We can also examine the “shared-student” graph, derived in much the same way, with edges representing the number of students taught by both teachers. The shared-student graph looks much like the shared-teacher graph, with many small disconnected groups and one large connected central component comprising 591 teachers spanning many years and nationalities, and including most of the big names.
This article has aimed to illustrate some issues related to the use of network graphs in the study of music history. They can certainly be a useful way of presenting and analysing certain data, and can reveal patterns that might be impossible to uncover using other methods. However, graphs are often difficult to interpret, and many of the algorithms used in their analysis and presentation are complex and can be sensitive to small differences in the data or parameters. As an investigative tool, graphs can be very enlightening, but any analysis really needs to be supported with closer investigation before firm conclusions can be drawn.
- I used
ggraphto draw a network graph in this previous post on pairs of words in song lyrics.
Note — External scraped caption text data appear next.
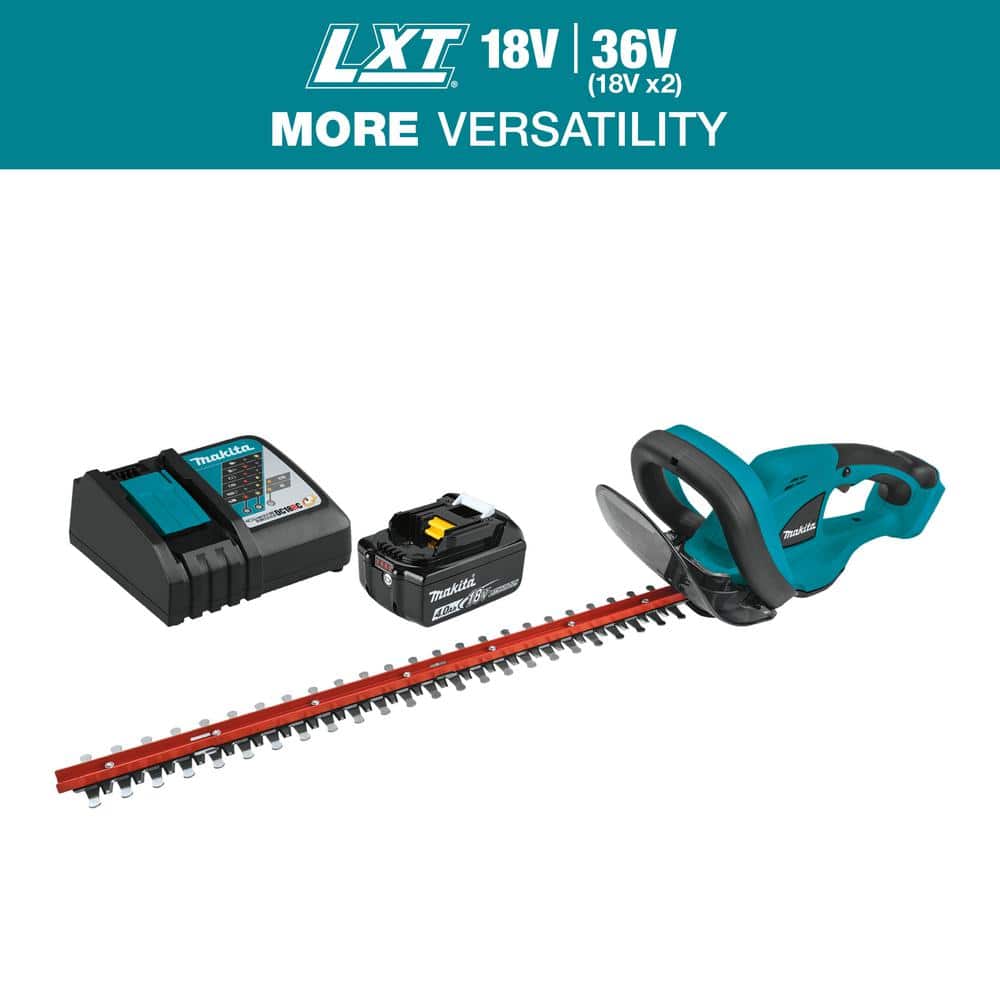 Makita 22 in. 18V LXT Lithium‑Ion Cordless Hedge Trimmer Kit with 4.0Ah Battery and Charger (XHU02M1)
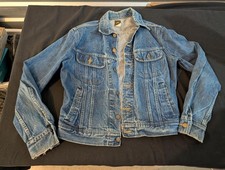 Vtg Lee Riders Denim Jacket 40L Made In USA 80s Rockabilly Fade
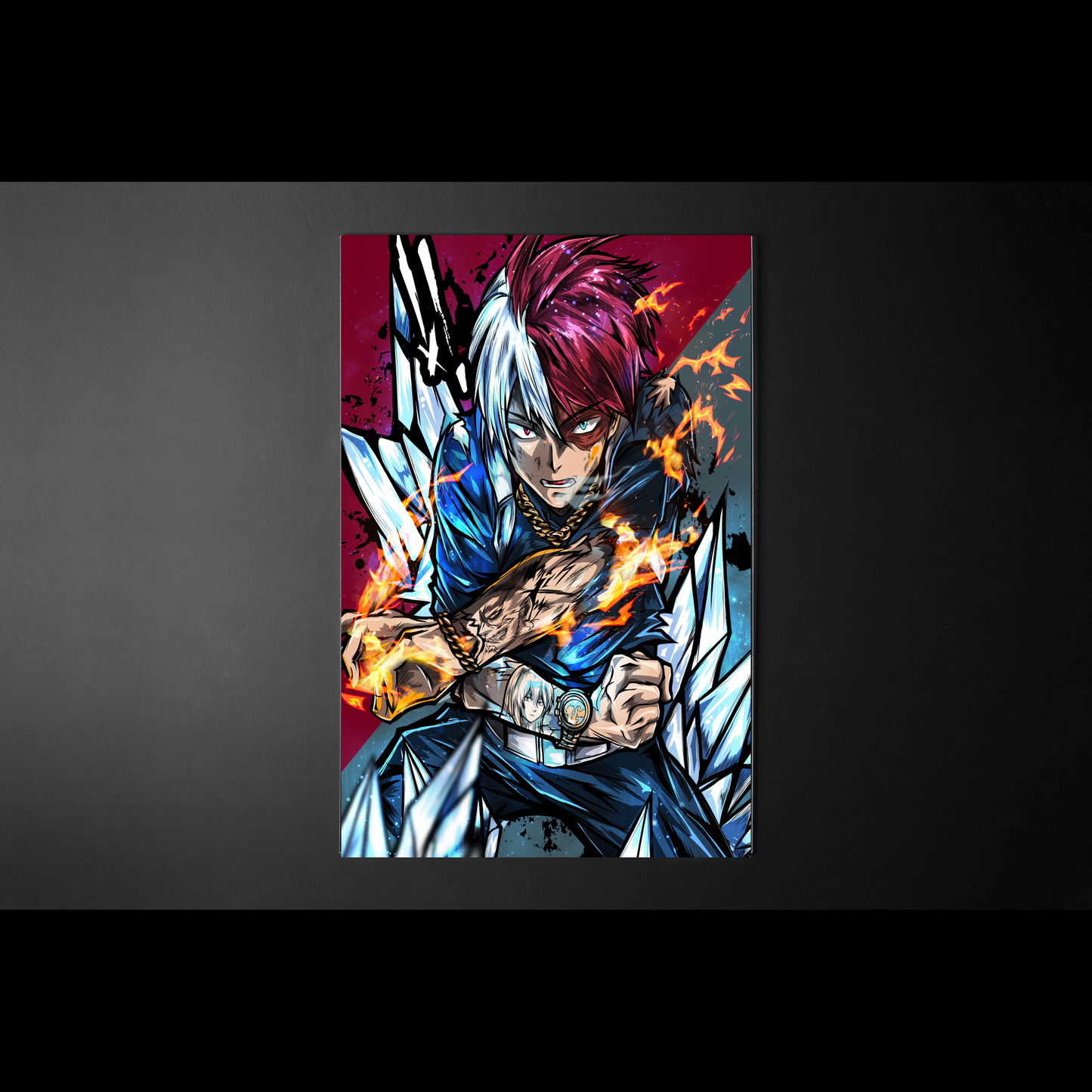 Wall Art Todoroki Fire and Ice - My Hero Academy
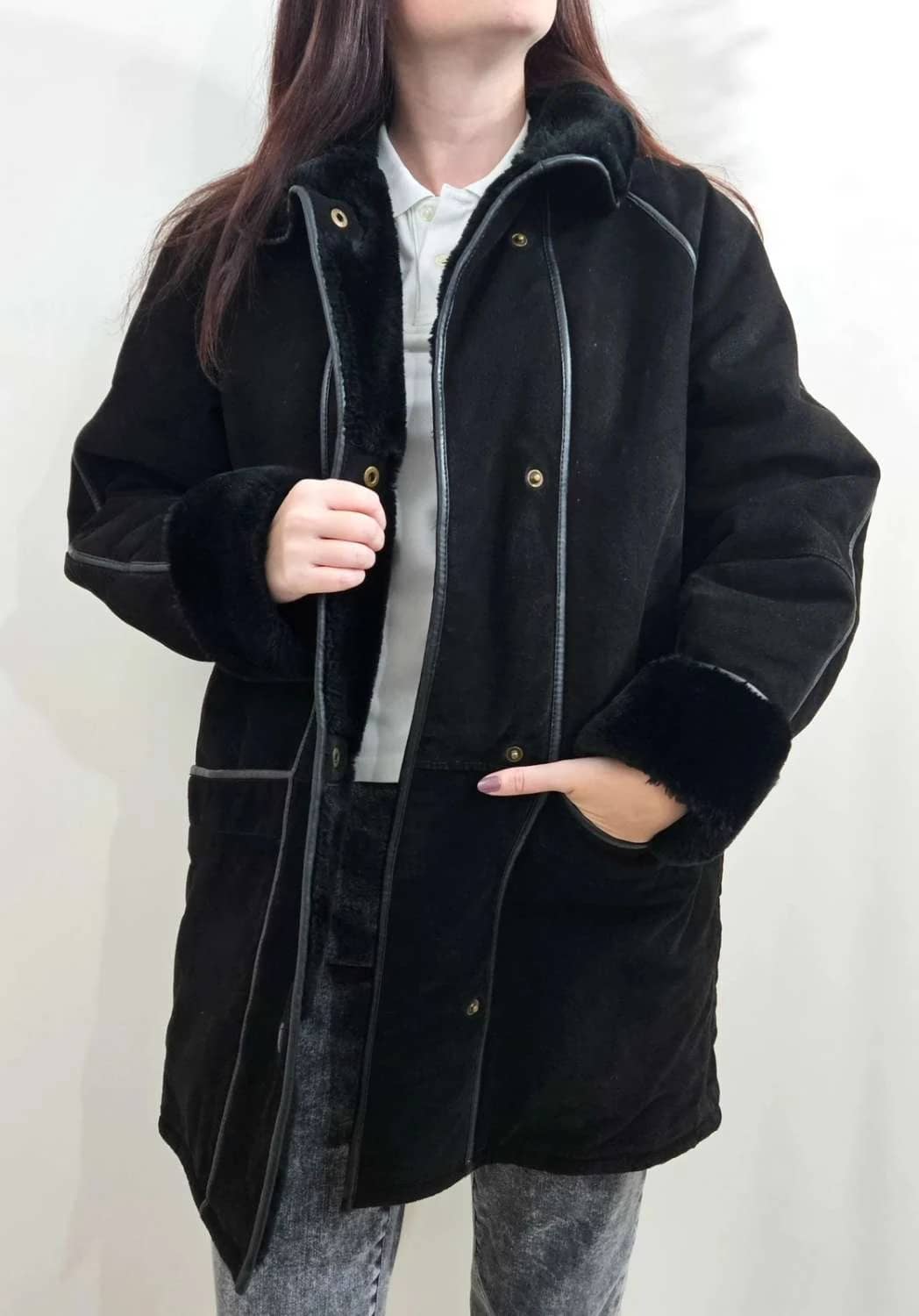 Manteau long cuir shearling noir doublé fausse fourrure taille 38 - SC2512235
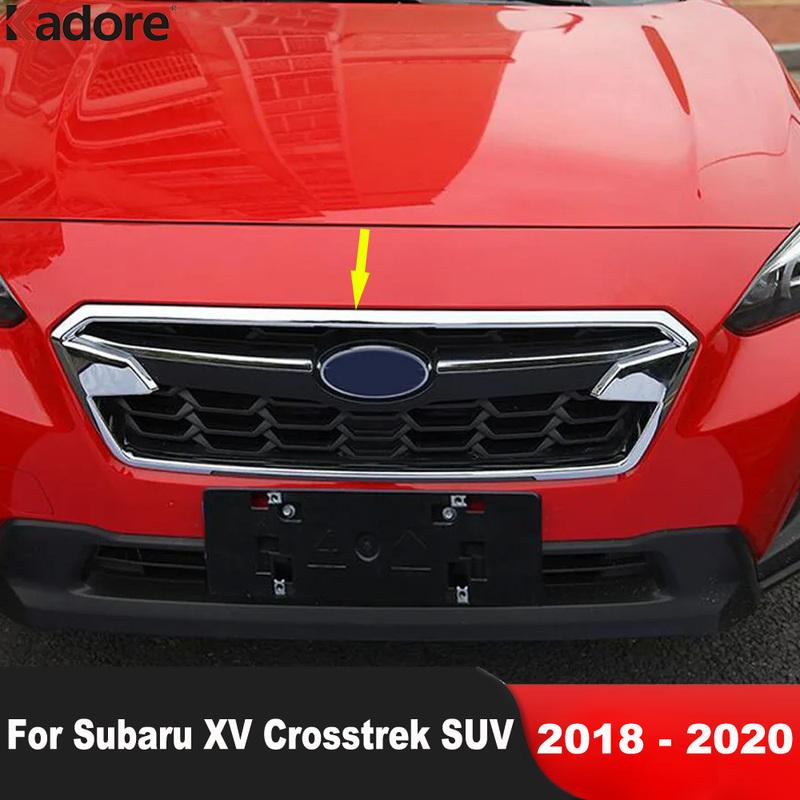 Front Center Grille Grill Cover Trim For Subaru XV Crosstrek SUV 2018   Chrome Car Racing Grills Frame Trims Accessories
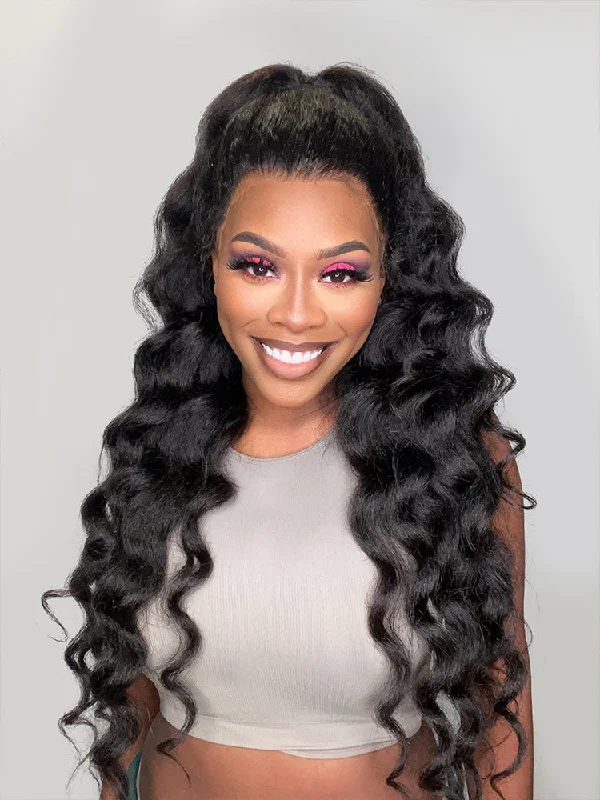 CurlyMe Kinky Straight Hair 13x4 Lace Front Wigs Pre Plucked Natural Black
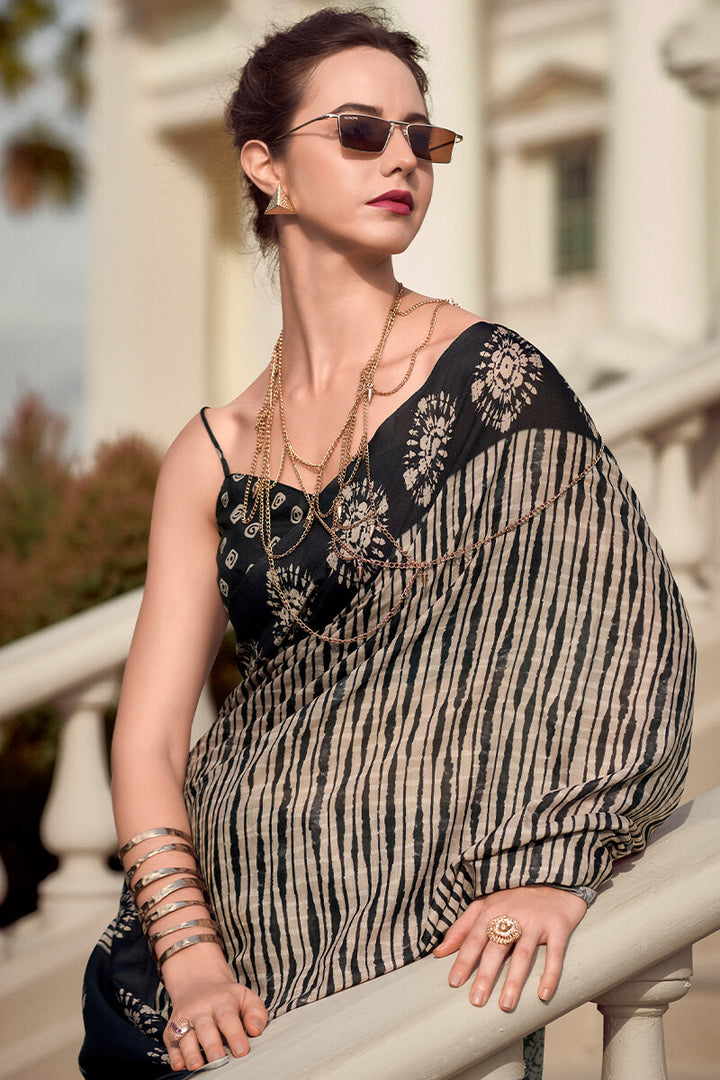 Beige and Black Printed Mul cotton Saree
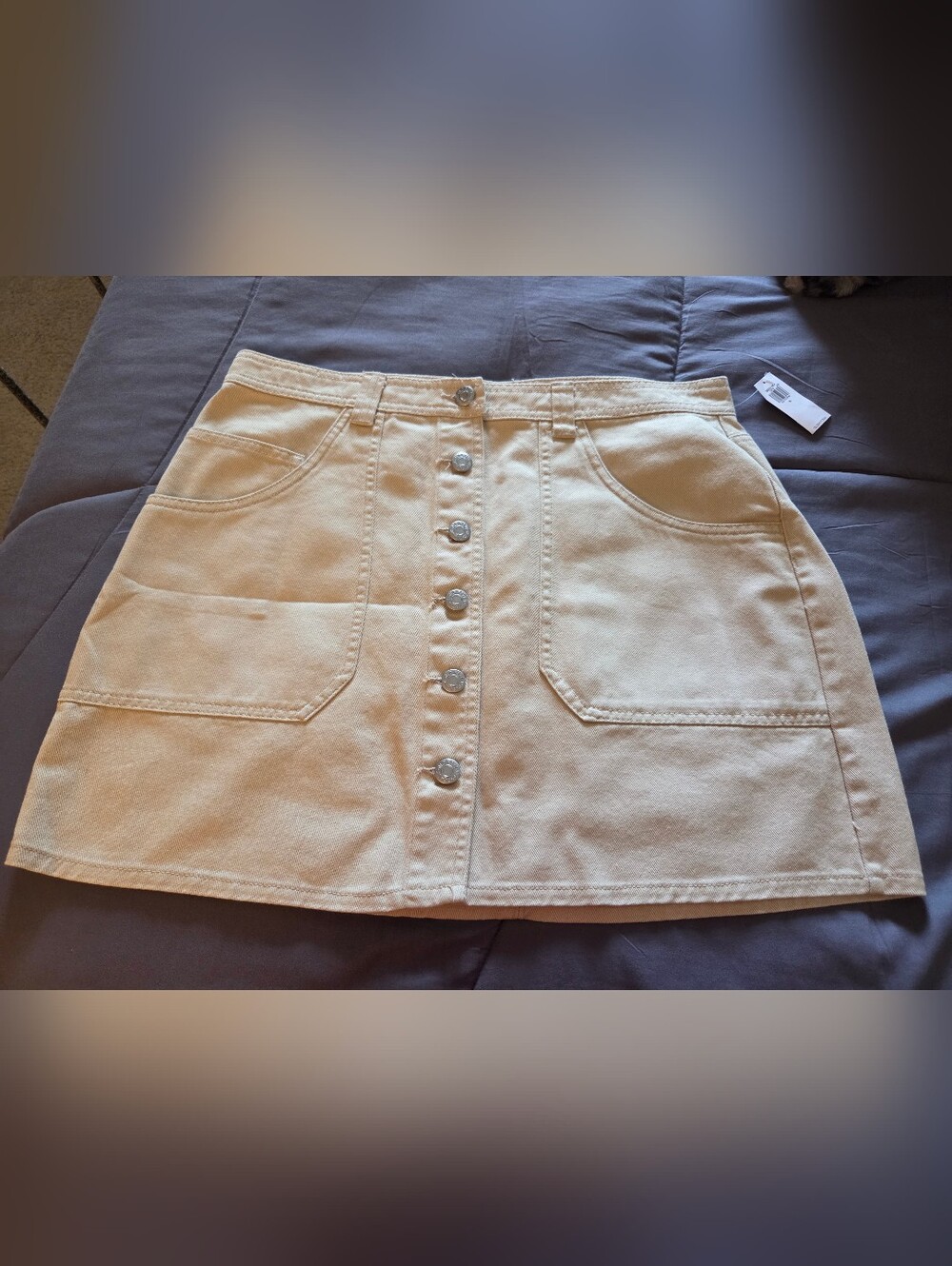 Old Navy Button-Front Beige  Denim Skirt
- The data was gathered in April 2020. There are of course plenty of caveats about the dataset. It is dependent on the information that happens to be available, and that somebody has chosen to add to Wikipedia. It seems to be biased towards US composers and the twentieth century (especially the last fifty years or so). Any conclusions from this analysis should take account of these potential biases.
- Martin, S., Brown, W.M., Klavans, R., Boyack, K.W., DrL: Distributed Recursive (Graph) Layout. SAND Reports, 2008. 2936: p. 1-10
- Fruchterman, T.M.J. and Reingold, E.M. (1991). Graph Drawing by Force-directed Placement. Software – Practice and Experience, 21(11):1129-1164.
- The betweenness centrality of node A is defined as the sum, over all pairs of other nodes, of the proportion of shortest paths that pass through A.
- Other names that scored highly on betweenness were Carl Czerny, Gabriel Fauré, Carl Friedrich Zelter, Camille Saint-Saëns, Carl Friedrich Christian Fasch, Camille Marie Stamaty, Felix Mendelssohn, Ludwig van Beethoven, Franz Liszt and Roger Sessions.
- Interestingly David Rosenboom is one step closer to Boulanger than Adams and Polanski, so there must be a shorter path from them to Gabrieli which bypasses Boulanger, otherwise they would be on the diameter.
- I have only included nationalities with at least ten members. The nationalities are as described in the Wikipedia articles, so I have not attempted to merge English and British, or Czech and Bohemian.
- We could improve this analysis by also considering the effect of time, as the relationships represented in clusters will tend to be close chronologically, irrespective of any geographical effects.
- The largest of these disconnected groups has just ten members.